I refer readers to Peirce's Prolegomena to an Apology for Pragmaticism from 1906 which is reproduced in (Peirce 1967) 4.530 - 4.572 and (Carter 2020) for an explanation of what is involved in necessary reasoning.
Ferreirós has explained how ‘hypothesis’ was used in this sense also by Riemann and Hilbert around the 19th century. Ferreirós (2016) writes that Riemann took a ‘hypothesis’ to be a supposition stressing that it is neither certain nor evident.
The reference (CP 4.132) to Peirce’s writings is the standard abbreviation for the Collected Papers edited by Hartshorne and Weiss (Peirce 1967) volume 4 and paragraph 132.
The way I characterise the two types of mathematical activity resembles — and is to some extent inspired by — Hilbert’s axiomatic method (Hilbert 1918). The first, consisting of deriving consequences from hypotheses, corresponds to Hilbert’s progressive development of a field of knowledge. The second part, of determining the underlying assumptions of a theory is referred to as deepening the foundation.

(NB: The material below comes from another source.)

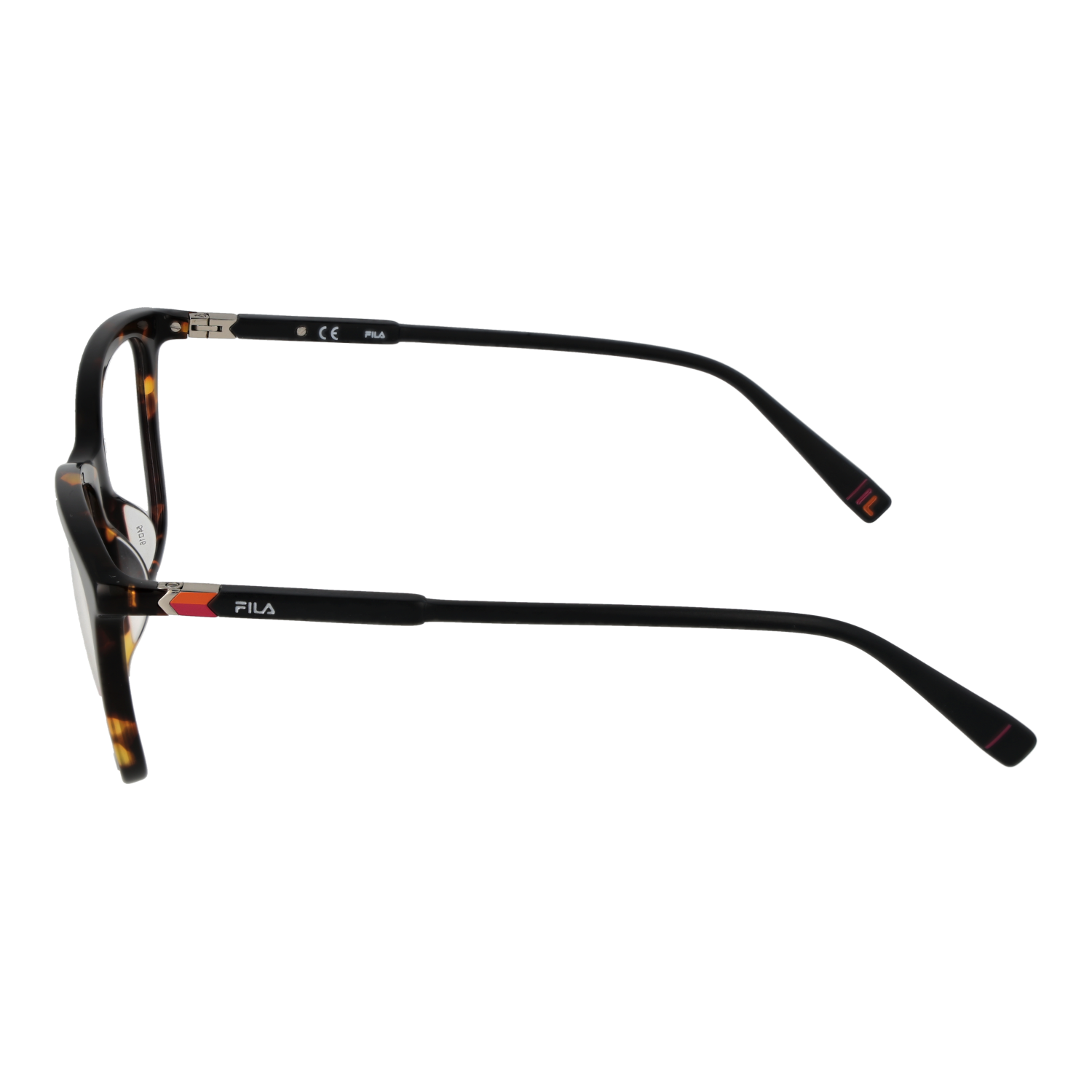 FILA EYEWEAR VF9402 540790 Sonnenbrille ansicht-3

Today we would say that the natural numbers are characterised by Peano’s axioms. But if we consider the history of the natural numbers, or numbers more generally, one can find many different ways that they have been conceived and treated. See Chemla et al. (forthcoming) for interesting perspectives on the history of numbers. Chemla et al. point out a number of implicit assumptions in previous works on the history of numbers. Among them are the tendency to tell linear stories and to see the development as an evolutionary process culminating in a given conception of numbers and corresponding system of signs. In the light of the many different treatments of numbers throughout time I find that it is apt to characterise as ‘hypothetical’ any particular (including the current) postulates on numbers.
NE IV refers to the New Elements volume IV edited by Carolyn Eisele (Peirce 1976).
I refrain from explaining what ‘truth’ means in this context. I assume that it is fairly uncontroversial to say that if I have a collection of five birds and a collection of three birds and the two collections are disjoint, then I have a total of eight birds. It is more difficult to give an account of what is meant by the truth of a general proposition of mathematics. Note that I give an account of what it means to be a real substance in mathematics. I do not claim that the truth value of a mathematical proposition depends on whether it is reducible to statements concerning physical objects or not.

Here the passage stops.